Endothelial cells were isolated as previously described (St Croix
et al., 2000), with minor modifications. Tissues were minced with
surgical blades, digested for 30 minutes with 1 mg/ml collagenase
(Life Technologies, Breda, The Netherlands) and 2.5 U/ml dispase
(Life Technologies) at 37.degree. C. with continuous agitation.
DNAse I (Sigma, Zwijndrecht, The Netherlands) was added to a final
concentration of 100 .mu.g/ml and the cell suspension was incubated
for another 30 minutes prior to Ficoll Paque gradient density
centrifugation (Amersham Biosciences, Uppsala, Sweden).
[0256] Endothelial cells were stained with anti-CD31 (clones
JC/70A, DAKO, Glostrup, Sweden; and EN4, Monosan, Uden, The
Netherlands) and anti-CD34 antibodies (clone Qbend10, Novocastra,
Newcastle upon Tyne, United Kingdom) and isolated by positive
selection using goat anti-mouse IgG coated paramagnetic beads
(Dynal, Oslo, Norway). Hence, the present invention also provides
for the selection of endothelial cells from human tissues for the
purpose of gene expression by using the combination of CD31 and
CD34. The purity of the isolated endothelial cell fraction was
assessed by immunofluorescence staining for the endothelium
specific von Willebrand Factor (vWF) (DAKO), and was estimated to
be over 97% (FIG. 1).
1.2 Cell Culture
[0257] Human umbilical vein endothelial cells (HUVEC) were isolated
and cultured as previously described (van der Schaft et al., 2000).

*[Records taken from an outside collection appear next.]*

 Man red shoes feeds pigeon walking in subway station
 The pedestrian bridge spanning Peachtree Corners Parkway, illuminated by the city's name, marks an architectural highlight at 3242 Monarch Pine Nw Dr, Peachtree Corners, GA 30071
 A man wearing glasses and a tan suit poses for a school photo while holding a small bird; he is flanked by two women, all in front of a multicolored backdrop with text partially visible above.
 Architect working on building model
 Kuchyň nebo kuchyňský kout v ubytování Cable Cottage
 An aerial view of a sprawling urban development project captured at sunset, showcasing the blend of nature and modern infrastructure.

HUVEC between passages 1 and 3 were used for all experiments. For
experiments that required `tumor-activated` endothelial cells,
HUVEC were seeded in 75 cm.sup.2 tissue flasks coated with 1 mg/ml
fibronectin at a density of 1*10.sup.5 cells per flask. The cells
were cultured in RPMI 1640 (Life Technologies) supplemented with
20% human serum (HS), 10% filter-sterile conditioned medium from
LS174T colorectal tumor cell line, 10% filter-sterile conditioned
medium from Caco-2 colorectal tumor cell line, 2 mM L-glutamine
(Life Technologies), 50 ng/ml streptomycin (MP Biomedicals,
Amsterdam, The Netherlands), 50 U/ml penicillin (MP Biomedicals), 1
ng/ml bFGF (Reliatech, Braunschweig, Germany) and 10 ng/ml VEGF
(Reliatech) until 80% confluence was reached. `Quiescent`
endothelial cells were obtained by growing HUVEC for 72 hrs in
fibronectin coated 75 cm.sup.2 tissue flasks seeded at a density of
7*10.sup.5 cells per flask in RPMI 1640 supplemented with 2% HS, 2
mM L-glutamine, 50 ng/ml streptomycin, and 50 U/ml penicillin.

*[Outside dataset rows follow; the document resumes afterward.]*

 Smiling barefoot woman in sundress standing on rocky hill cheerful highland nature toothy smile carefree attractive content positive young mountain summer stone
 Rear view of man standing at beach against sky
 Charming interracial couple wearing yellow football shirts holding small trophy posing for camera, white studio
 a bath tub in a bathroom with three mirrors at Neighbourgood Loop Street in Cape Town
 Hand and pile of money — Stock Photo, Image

[0258] Alternatively, established HUVEC cell lines were used, such
as the EC line EVLC2, which is a cell line derived from human
umbilical vein ECs by immortalization with simian virus 40 large T
antigen (Leeuwen at al., 2001).
1.3 RNA Isolation and cDNA Synthesis
[0259] RNA was isolated using RNeasy Mini reagents (Qiagen, Venlo,
The Netherlands) according to the manufacturer's instructions. RNA
samples were pooled for 5 colorectal tumor endothelial cell
fractions (TEC), 5 normal colon endothelial cell fractions (NEC)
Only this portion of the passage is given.